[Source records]
-*-*-

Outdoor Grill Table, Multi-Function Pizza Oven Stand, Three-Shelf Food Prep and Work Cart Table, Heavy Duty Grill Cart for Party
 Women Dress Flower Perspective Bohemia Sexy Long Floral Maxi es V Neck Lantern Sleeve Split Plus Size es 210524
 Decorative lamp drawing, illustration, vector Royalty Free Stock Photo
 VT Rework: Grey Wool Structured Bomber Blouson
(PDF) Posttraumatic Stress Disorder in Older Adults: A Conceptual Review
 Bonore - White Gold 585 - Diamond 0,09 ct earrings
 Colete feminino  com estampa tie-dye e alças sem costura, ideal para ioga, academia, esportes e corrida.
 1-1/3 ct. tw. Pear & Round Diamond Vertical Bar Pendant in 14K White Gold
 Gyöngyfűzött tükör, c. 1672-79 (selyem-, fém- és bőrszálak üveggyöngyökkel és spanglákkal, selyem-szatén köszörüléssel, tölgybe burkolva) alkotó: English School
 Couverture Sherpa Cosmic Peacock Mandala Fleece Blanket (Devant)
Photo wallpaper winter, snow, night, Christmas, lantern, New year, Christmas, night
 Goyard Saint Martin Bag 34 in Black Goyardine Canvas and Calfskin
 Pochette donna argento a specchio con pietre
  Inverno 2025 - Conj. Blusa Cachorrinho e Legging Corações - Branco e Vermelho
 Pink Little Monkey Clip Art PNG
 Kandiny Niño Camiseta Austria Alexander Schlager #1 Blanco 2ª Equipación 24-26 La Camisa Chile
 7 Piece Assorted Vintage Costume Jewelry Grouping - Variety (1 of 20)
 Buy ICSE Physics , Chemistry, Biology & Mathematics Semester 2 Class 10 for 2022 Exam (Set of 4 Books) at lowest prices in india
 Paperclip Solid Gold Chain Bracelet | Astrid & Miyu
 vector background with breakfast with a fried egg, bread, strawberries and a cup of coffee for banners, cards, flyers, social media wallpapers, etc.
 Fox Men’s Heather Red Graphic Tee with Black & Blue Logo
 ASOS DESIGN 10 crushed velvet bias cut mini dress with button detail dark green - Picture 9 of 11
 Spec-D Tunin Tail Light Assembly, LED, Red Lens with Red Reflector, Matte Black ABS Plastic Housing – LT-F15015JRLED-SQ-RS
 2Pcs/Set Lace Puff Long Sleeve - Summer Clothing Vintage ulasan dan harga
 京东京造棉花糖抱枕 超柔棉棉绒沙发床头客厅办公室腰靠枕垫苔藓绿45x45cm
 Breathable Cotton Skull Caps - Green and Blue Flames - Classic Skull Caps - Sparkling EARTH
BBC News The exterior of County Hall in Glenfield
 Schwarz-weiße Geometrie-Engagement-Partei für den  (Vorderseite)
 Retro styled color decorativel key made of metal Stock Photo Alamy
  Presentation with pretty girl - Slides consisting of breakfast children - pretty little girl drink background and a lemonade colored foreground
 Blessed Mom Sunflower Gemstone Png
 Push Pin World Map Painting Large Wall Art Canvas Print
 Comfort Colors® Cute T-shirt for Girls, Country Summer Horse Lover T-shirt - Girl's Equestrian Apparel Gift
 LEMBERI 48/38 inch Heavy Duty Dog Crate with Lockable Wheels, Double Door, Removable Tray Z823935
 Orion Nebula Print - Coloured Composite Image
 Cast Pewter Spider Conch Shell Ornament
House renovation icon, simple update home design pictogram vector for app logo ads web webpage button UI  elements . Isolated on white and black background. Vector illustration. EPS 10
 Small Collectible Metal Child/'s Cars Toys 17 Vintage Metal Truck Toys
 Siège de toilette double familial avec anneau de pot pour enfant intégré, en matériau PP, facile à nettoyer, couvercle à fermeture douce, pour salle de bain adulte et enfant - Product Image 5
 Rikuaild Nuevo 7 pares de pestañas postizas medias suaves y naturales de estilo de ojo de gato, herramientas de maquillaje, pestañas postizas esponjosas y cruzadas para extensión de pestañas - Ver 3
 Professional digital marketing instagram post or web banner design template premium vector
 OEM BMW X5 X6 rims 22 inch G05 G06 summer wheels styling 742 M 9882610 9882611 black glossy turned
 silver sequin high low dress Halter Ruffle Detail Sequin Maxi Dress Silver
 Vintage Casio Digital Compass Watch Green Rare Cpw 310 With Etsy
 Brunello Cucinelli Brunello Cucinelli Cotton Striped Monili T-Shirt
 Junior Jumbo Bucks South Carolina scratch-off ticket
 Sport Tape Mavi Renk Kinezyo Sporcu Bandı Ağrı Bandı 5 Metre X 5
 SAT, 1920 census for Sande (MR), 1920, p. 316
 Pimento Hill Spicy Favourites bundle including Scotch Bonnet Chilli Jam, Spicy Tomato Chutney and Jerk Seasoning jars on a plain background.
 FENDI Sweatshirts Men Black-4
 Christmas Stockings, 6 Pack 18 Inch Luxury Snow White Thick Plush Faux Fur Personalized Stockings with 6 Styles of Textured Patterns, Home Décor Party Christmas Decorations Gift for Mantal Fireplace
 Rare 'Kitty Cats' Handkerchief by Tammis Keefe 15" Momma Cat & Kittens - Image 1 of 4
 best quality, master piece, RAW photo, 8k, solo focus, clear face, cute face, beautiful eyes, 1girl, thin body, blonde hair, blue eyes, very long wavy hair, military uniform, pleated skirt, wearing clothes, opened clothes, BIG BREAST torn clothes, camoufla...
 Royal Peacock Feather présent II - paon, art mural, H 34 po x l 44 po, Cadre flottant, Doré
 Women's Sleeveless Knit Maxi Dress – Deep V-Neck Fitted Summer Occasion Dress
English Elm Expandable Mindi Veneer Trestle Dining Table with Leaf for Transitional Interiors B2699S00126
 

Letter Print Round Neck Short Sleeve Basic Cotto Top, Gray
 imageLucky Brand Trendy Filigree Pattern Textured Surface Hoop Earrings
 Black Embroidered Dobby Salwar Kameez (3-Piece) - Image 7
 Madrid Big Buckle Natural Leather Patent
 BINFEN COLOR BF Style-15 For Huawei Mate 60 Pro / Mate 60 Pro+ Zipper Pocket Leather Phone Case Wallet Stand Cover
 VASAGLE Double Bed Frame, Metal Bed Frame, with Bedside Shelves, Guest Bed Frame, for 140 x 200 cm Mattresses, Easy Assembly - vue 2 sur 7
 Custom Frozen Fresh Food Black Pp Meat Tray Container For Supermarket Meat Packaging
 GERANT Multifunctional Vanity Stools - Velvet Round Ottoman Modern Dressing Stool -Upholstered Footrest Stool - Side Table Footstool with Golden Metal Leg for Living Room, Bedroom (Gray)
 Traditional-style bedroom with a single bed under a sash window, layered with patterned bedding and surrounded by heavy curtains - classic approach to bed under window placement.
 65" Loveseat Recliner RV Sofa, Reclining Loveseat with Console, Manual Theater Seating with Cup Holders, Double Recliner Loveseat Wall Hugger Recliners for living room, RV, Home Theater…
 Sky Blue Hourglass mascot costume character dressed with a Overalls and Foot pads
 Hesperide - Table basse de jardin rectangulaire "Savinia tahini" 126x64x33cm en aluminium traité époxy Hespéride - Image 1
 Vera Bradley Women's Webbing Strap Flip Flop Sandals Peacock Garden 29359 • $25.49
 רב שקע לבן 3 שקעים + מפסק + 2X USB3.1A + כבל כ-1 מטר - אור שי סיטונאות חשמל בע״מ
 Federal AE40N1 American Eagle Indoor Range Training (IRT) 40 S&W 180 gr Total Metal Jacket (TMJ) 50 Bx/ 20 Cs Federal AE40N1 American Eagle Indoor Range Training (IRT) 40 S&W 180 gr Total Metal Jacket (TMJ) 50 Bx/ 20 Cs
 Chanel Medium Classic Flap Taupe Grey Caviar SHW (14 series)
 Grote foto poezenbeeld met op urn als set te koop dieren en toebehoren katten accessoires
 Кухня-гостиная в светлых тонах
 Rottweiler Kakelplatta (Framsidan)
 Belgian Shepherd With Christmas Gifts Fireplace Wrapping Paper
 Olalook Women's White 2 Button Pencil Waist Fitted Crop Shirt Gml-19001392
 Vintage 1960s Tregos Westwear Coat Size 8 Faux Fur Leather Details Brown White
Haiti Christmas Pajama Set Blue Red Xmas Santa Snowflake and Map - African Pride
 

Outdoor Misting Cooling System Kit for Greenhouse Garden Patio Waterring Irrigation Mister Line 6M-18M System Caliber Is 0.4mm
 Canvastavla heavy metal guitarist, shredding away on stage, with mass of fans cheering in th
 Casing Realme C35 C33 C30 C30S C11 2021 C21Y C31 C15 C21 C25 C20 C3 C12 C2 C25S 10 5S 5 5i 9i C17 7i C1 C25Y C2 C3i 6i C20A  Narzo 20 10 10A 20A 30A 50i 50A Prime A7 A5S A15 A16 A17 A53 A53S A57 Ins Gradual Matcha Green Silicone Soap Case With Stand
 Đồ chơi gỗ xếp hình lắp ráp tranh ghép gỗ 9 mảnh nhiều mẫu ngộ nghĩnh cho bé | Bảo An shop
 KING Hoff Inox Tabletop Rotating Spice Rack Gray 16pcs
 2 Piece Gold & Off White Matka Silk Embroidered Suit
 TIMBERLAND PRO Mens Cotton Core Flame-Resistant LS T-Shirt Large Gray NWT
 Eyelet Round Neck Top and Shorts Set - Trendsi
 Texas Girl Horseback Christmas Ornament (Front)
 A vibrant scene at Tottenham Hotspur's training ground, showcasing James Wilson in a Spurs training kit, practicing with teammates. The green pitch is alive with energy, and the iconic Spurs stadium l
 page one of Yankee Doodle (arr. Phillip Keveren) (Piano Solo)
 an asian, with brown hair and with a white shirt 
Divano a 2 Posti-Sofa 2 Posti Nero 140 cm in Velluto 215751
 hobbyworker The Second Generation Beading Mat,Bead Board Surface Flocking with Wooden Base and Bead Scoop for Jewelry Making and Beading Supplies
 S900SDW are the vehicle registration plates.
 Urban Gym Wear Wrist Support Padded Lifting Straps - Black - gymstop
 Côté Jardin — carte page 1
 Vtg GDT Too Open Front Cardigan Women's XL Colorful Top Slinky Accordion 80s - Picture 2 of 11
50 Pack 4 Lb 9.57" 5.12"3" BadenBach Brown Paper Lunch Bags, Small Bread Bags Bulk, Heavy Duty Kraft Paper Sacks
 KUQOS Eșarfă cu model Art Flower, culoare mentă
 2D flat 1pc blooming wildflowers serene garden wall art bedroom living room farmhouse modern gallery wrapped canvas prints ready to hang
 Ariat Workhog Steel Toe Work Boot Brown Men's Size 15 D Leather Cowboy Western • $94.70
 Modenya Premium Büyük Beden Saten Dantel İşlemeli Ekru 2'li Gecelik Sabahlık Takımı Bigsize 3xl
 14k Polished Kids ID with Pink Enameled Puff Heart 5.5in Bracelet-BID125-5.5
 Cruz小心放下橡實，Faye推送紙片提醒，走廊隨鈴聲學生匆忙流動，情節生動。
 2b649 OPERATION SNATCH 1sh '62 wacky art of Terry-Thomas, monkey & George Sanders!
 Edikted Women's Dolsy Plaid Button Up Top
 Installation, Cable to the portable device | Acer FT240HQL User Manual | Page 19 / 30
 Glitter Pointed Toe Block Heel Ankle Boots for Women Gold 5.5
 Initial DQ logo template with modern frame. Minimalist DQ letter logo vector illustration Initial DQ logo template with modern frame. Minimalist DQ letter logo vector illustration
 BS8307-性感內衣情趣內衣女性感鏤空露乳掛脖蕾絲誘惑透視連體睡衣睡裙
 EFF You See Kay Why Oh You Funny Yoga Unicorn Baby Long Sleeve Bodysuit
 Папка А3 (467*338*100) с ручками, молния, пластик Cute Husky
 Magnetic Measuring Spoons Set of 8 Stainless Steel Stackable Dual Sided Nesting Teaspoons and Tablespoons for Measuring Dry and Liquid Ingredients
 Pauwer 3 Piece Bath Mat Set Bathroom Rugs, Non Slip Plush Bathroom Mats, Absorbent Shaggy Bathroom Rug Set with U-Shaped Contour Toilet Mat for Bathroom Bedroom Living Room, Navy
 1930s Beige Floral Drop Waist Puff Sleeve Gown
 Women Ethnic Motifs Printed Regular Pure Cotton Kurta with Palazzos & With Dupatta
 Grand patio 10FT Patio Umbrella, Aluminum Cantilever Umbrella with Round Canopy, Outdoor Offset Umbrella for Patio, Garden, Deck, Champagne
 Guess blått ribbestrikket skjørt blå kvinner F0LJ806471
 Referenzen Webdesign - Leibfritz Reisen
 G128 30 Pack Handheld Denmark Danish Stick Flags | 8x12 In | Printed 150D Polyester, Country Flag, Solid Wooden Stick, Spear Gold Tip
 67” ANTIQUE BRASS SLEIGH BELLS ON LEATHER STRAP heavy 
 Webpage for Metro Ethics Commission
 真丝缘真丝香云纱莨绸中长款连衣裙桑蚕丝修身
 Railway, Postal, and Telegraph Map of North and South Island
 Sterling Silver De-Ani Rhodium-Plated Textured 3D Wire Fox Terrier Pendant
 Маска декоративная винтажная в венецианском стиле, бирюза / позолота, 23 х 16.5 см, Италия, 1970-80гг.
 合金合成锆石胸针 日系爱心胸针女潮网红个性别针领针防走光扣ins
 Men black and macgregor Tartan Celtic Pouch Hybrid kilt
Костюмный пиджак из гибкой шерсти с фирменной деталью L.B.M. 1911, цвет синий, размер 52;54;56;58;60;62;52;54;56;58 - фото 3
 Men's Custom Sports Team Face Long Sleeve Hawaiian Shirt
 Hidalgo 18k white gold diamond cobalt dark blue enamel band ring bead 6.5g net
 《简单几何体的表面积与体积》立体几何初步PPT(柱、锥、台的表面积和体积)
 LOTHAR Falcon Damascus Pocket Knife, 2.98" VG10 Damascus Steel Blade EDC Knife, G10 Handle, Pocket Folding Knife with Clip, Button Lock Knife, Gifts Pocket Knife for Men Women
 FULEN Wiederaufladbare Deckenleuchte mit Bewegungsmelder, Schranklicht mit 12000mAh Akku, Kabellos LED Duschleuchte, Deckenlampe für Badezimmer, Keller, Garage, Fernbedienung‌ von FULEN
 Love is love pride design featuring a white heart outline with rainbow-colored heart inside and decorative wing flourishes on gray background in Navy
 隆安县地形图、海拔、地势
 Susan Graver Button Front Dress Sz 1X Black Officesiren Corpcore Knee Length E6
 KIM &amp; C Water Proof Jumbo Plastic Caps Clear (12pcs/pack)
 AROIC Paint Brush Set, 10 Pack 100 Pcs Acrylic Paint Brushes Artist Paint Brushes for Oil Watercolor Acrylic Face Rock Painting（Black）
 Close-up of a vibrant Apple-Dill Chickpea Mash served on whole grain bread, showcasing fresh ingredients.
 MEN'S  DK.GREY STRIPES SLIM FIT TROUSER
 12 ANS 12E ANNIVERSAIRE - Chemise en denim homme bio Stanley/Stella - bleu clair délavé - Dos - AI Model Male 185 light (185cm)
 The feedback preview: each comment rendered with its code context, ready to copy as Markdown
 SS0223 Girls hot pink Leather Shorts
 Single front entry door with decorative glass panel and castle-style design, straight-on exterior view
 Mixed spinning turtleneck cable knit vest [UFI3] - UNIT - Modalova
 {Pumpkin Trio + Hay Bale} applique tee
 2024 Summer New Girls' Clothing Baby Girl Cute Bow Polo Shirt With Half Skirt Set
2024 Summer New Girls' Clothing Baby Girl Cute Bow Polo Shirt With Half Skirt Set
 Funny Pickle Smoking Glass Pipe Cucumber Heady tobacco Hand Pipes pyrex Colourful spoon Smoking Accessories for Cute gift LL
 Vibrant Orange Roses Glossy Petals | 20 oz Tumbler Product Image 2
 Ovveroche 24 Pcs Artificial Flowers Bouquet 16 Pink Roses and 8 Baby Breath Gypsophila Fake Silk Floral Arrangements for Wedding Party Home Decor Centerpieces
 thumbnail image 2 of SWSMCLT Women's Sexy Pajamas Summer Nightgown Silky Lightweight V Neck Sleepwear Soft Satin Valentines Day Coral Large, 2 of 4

-*-*-

ACTION ITEM =
Each line from the beginning of the entries to the line with "Spec-D Tunin Tail" must be repeated exactly, with both end lines kept and no other lines given.

RESPONSE TO THIS TASK =
Outdoor Grill Table, Multi-Function Pizza Oven Stand, Three-Shelf Food Prep and Work Cart Table, Heavy Duty Grill Cart for Party
 Women Dress Flower Perspective Bohemia Sexy Long Floral Maxi es V Neck Lantern Sleeve Split Plus Size es 210524
 Decorative lamp drawing, illustration, vector Royalty Free Stock Photo
 VT Rework: Grey Wool Structured Bomber Blouson
(PDF) Posttraumatic Stress Disorder in Older Adults: A Conceptual Review
 Bonore - White Gold 585 - Diamond 0,09 ct earrings
 Colete feminino  com estampa tie-dye e alças sem costura, ideal para ioga, academia, esportes e corrida.
 1-1/3 ct. tw. Pear & Round Diamond Vertical Bar Pendant in 14K White Gold
 Gyöngyfűzött tükör, c. 1672-79 (selyem-, fém- és bőrszálak üveggyöngyökkel és spanglákkal, selyem-szatén köszörüléssel, tölgybe burkolva) alkotó: English School
 Couverture Sherpa Cosmic Peacock Mandala Fleece Blanket (Devant)
Photo wallpaper winter, snow, night, Christmas, lantern, New year, Christmas, night
 Goyard Saint Martin Bag 34 in Black Goyardine Canvas and Calfskin
 Pochette donna argento a specchio con pietre
  Inverno 2025 - Conj. Blusa Cachorrinho e Legging Corações - Branco e Vermelho
 Pink Little Monkey Clip Art PNG
 Kandiny Niño Camiseta Austria Alexander Schlager #1 Blanco 2ª Equipación 24-26 La Camisa Chile
 7 Piece Assorted Vintage Costume Jewelry Grouping - Variety (1 of 20)
 Buy ICSE Physics , Chemistry, Biology & Mathematics Semester 2 Class 10 for 2022 Exam (Set of 4 Books) at lowest prices in india
 Paperclip Solid Gold Chain Bracelet | Astrid & Miyu
 vector background with breakfast with a fried egg, bread, strawberries and a cup of coffee for banners, cards, flyers, social media wallpapers, etc.
 Fox Men’s Heather Red Graphic Tee with Black & Blue Logo
 ASOS DESIGN 10 crushed velvet bias cut mini dress with button detail dark green - Picture 9 of 11
 Spec-D Tunin Tail Light Assembly, LED, Red Lens with Red Reflector, Matte Black ABS Plastic Housing – LT-F15015JRLED-SQ-RS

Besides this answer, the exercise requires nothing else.